De koning van Jeruzalem
9 De Heer zegt: "Jubel en juich, bewoners van Jeruzalem! Kijk, jullie koning komt naar jullie toe. Hij is rechtvaardig en Hij zal jullie redden. Hij is bescheiden en rijdt op een jonge ezel.[e] 10 En Ik zal de strijdwagens uit Israël en de paarden uit Jeruzalem vernietigen. Ook de wapens zal Ik vernietigen. Hij zal de volken vrede brengen. Hij zal heersen van zee tot zee en vanaf de Rivier (= de Eufraat) tot aan het eind van de aarde. 11 En omdat Ik met bloed een verbond met jullie heb gesloten,[f] zal Ik jullie gevangenen uit de put bevrijden. 12 Gevangenen, kom terug naar de burcht Jeruzalem. Verlies de hoop niet! Vandaag zeg Ik jullie dat Ik jullie dubbel zal vergoeden wat jullie is aangedaan. 13 Juda zal mijn boog zijn en Israël mijn pijl. Zo zal Ik met de bewoners van Jeruzalem jou aanvallen, Griekenland! Zij zullen mijn zwaard zijn, het zwaard van een held."
14 Dan zullen ze de Heer zien komen. Zijn pijlen zullen wegschieten als de bliksem. De Heer zal op de ramshoorn laten blazen. Hij zal oprukken als een woestijnstorm uit het zuiden. 15 De Heer van de hemelse legers zal zijn volk beschermen. Zijn volk zal de slingerstenen onschadelijk maken. Daardoor zal zijn volk overwinnen. Ze zullen vol blijdschap eten en drinken op de overwinning. Ze zullen zich helemaal vol drinken met wijn, net zoals de offerschalen en de horens van het altaar vol zijn met bloed van de geofferde dieren.
16 Zo zal hun Heer God op die dag het deel van zijn volk redden dat werkelijk zijn kudde is. Zij zullen in het land schitteren als edelstenen in zijn kroon. Ze zullen hoog opgeheven worden, zoals een vlag. 17 Ze zullen er prachtig uitzien doordat ze zoveel graan te eten en wijn te drinken hebben.
Footnotes
- Zacharia 9:1 Hadrach en Damaskus waren steden in Assur.
- Zacharia 9:4 Tyrus werd later vernietigd door Alexander de Grote van Griekenland.

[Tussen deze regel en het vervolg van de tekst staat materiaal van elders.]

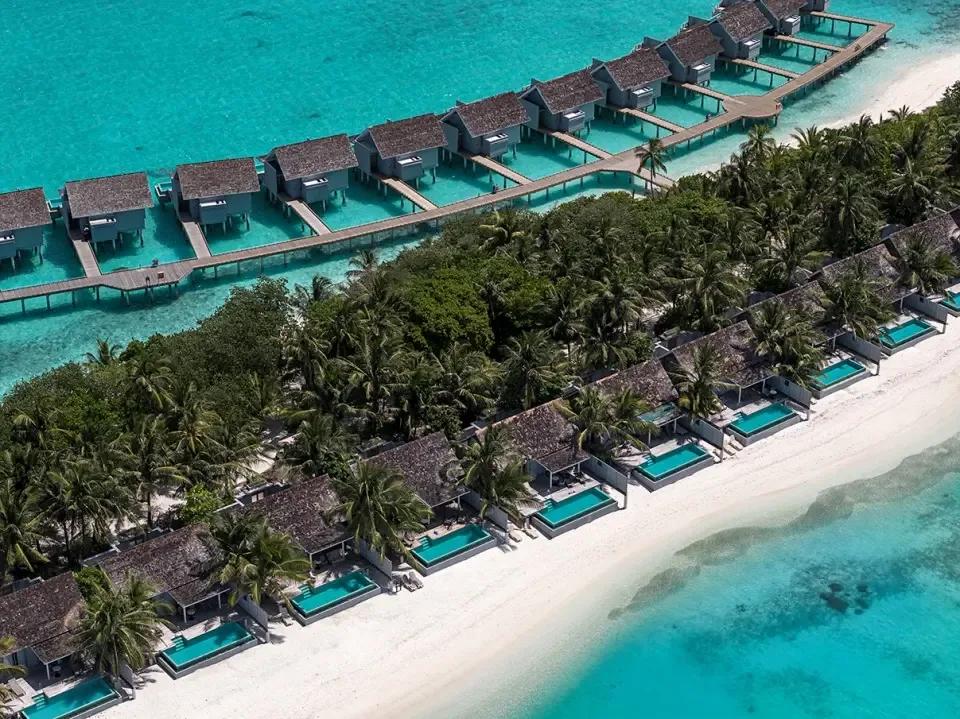 Aerial view of Kuramathi's overwater villa jetty and a row of beachfront pool villas along the shoreline, framed by palm trees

Ook de profeet Ezechiël voorspelde de verwoesting van Tyrus en dat de stad in zee gestort zou worden. Lees Ezechiël 26.
- Zacharia 9:5 Askelon, Gaza, Ekron, Asdod en Gat (hier niet genoemd) waren de vijf sterke Filistijnse steden die elk een eigen stadskoning hadden.

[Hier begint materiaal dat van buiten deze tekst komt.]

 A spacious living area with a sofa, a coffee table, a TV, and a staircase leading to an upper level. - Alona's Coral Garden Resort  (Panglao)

- Zacharia 9:7 Lees 2 Samuel 5:6 en 1 Koningen 9:20 en 21.
- Zacharia 9:9 Dit is een profetie over Jezus. In Johannes 12:1-19 is te lezen hoe deze profetie werkelijkheid werd. Maar vers 10 moet nog steeds gebeuren en gaat dus over de tweede komst van Jezus, aan het eind van de tijd.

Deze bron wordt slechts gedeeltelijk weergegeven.